Le passage d'une surface de matière plastique ou de métal sous un rouleau imprimeur suffit pour fabriquer une cellule solaire photovoltaïque. C'est ce que démontrent Brian Korgel et son équipe, à l'université du Texas. Le résultat est un coût de fabrication dix fois moins élevé que le procédé traditionnel qui impose un dépôt de vapeur sous vide. Mieux, cette sorte d'encre, déposée en une couche très fine (une dizaine de nanomètres), est en partie transparente et on peut déjà imaginer, avance Brian Korgel, des vitres teintées qui produiraient du courant électrique.
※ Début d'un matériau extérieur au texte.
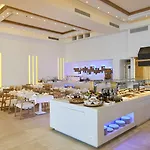Saint John & Hotel Agios Ioannis Diakoftis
Le matériau lui-même est connu : c'est le CIGS, pour cuivre indium gallium sélénium. Ce semi-conducteur s'utilise déjà pour fabriquer des cellules photovoltaïques. Il s'applique en une couche mince, déposée sous vide, et formant une structure polycristalline. Le rendement n'est pas excellent mais le coût de fabrication est plus bas que celui des classiques cellules au silicium. De plus, la quantité de matière déposée est nettement plus faible.